"No, Charlotte, I'm the jury now. I sentence you to death."
The roar of the .45 shook the room. Charlotte staggered back a step.
"How c-could you?" she gasped.
"It was easy."
- Mickey Spillane, I, The Jury
The news that Barack Obama -- a Constitutional scholar and recipient of the 2009 Nobel Peace Prize -- has taken personal charge of lethal US drone hits in Yemen and Pakistan is one of those stories that takes time to sink in.
The New York Times stresses how serious the issue has become. "With China and Russia watching, the United States has set an international precedent for sending drones over borders to kill enemies." It's no longer a cool video-game experiment; it's the beginning of robot warfare, and, if history is a lesson, it will have unanticipated consequences and our enemies will learn to counter the weapon with imaginative weapons of their own, including drones. We should expect to be surprised and blindsided. Martin Luther King spoke of it as a futile rising cycle of violence.
Exactly how many non-combatants and innocent people are being killed is the big question. There's no way to know. One, there's a pathological level of secrecy in our militarized government and, two, we can't believe a word the government says anyway.

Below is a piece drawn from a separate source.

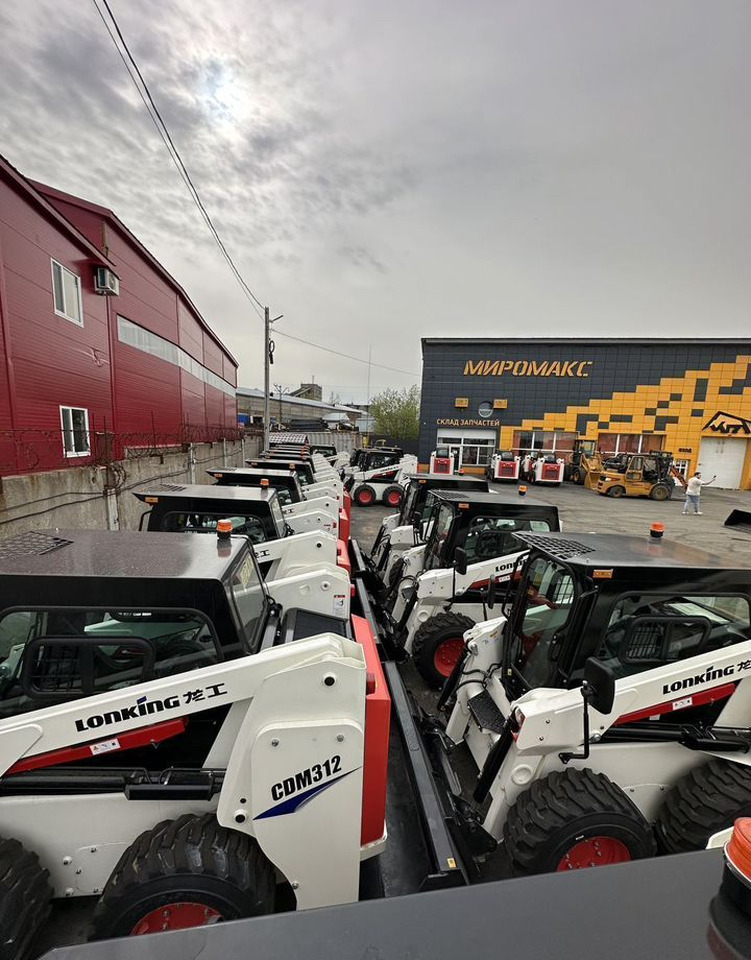 Новый Мини-погрузчик (с бортовым поворотом) Lonking CDM308: фото 33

The President's counterterrorism adviser John Bennan, for example, makes the preposterous claim that "not a single non-combatant has been killed in a year of strikes." The Times interviewed former intelligence officials familiar with the issue and they "expressed disbelief." It recalls the days during the Vietnam War when all Vietnamese corpses were VC.
A US drone and an angry man protesting US drones on the street in Sanaa, Yemen
(Image by unknown) Details DMCA
We know of entire families killed in Yemen, as reported by Jeremy Scahill. And Britain's Sunday Times reports since Obama began the campaign, 300 to 500 civilians have been killed, more than 60 of them kids.
Back in the sixties, during Operation Rolling Thunder, Lyndon Johnson took personal charge of targeting for the aerial bombing of North Vietnam. And George W. Bush was notorious for the little check-off list squirreled away in his desk drawer of men he wanted whacked. So the idea of a US President personally overseeing hits like a gang boss is not that novel. What's new is the means of killing and the fact Mr. Obama is so lawyerly about it.
We're told it's a matter of the President manning-up and taking responsibility for a morally gray activity. A man's gotta do what a man's gotta do. It's lonely at the top. He's reportedly reading up on Just War Theory and other international legal precedents. But Alberto Gonzalez, John Yoo and Harriet Miers set the tone for this a decade ago, when all a President had to do was dial up the OLS, the Office of Legal Sophistry.
"You want language saying it's legal to whack somebody? No problema! We'll send it right up." Since it was coming from the White House, who in government was going to question it? Clarence Thomas?
Our Constitutional law professor President has already broken legal ground by ordered the drone hit in Yemen of a US citizen, Anwar al-Awlaki. In this case, the legal sophistry needed to maneuver around the Constitution was done by the Justice Department's Office of Legal Counsel, which prepared a memo, according to The Times, "asserting that while the Fifth Amendment's guarantee of due process applied, it could be satisfied by internal deliberations in the executive branch."
Mike Hammer in I, the Jury liked to make the same kind of "internal deliberations" before he whacked somebody. But, then, Hammer was a brute and didn't give a damn about Just War Theory.
The Kid From Jakarta
The part of Obama's memoir that takes place in Jakarta has always fascinated me. His Indonesian stepfather, whose family had been insurgents against brutal Dutch colonial forces, took the young Barack under his wing and, aware of his vulnerability on the streets of Jakarta, taught him how to fight to protect himself.
I think it's fair to surmise the fighting techniques he was taught were more "Asian" in character than the standard, head-on American pugilistic approach. One might also put it this way: John McCain fights like an A-4 Skyhawk coming in at 1,000 feet and Barack Obama fights like a man taught as a kid to fight on the streets of Jakarta.
This kid from Jakarta, then, educates himself in US Constitutional Law and becomes a legal fighter, figuring out the law and the angles for manipulating it and getting around it. Incredibly, he figures out how to get himself elected President of the United States of America.